[Task instructions] Without adding anything, give again the lines from the one holding "Do The Bunny" through the final line of the records, exactly, with both ends included and pictures dropped.

# # # # #

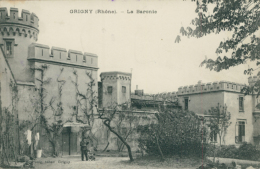 69 GRIGNY / La Baronie / - Grigny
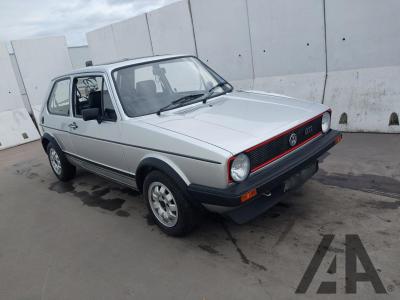 1981 VOLKSWAGEN GOLF GTI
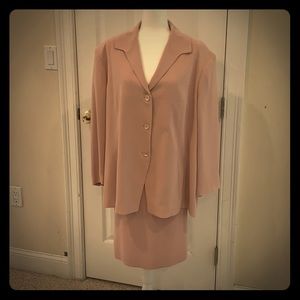 Pretty In Pink Two Piece Suit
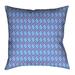 Latitude Run® Avicia Pillow Cover Polyester in Orange/Blue | 14 H x 14 W in | Wayfair 4DE0C3E4D15C4288914726CD8A16CFB6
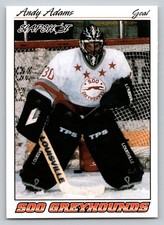 Andy Adams 1995-96 Slapshot Soo Greyhounds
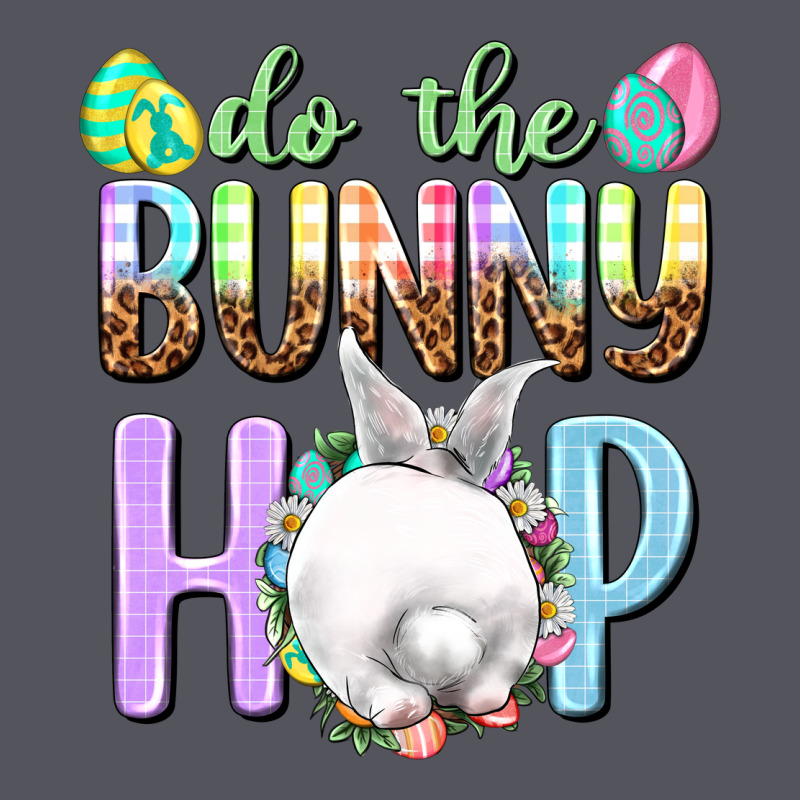 Do The Bunny Hop Vintage Hoodie by NancyCooperArtShop | Teevron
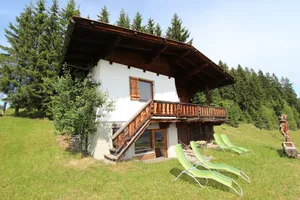 Image of Sunlit Chalet near Ski Area in Hopfgarten im Brixental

# # # # #

[Result of the exercise]
 Do The Bunny Hop Vintage Hoodie by NancyCooperArtShop | Teevron
 Image of Sunlit Chalet near Ski Area in Hopfgarten im Brixental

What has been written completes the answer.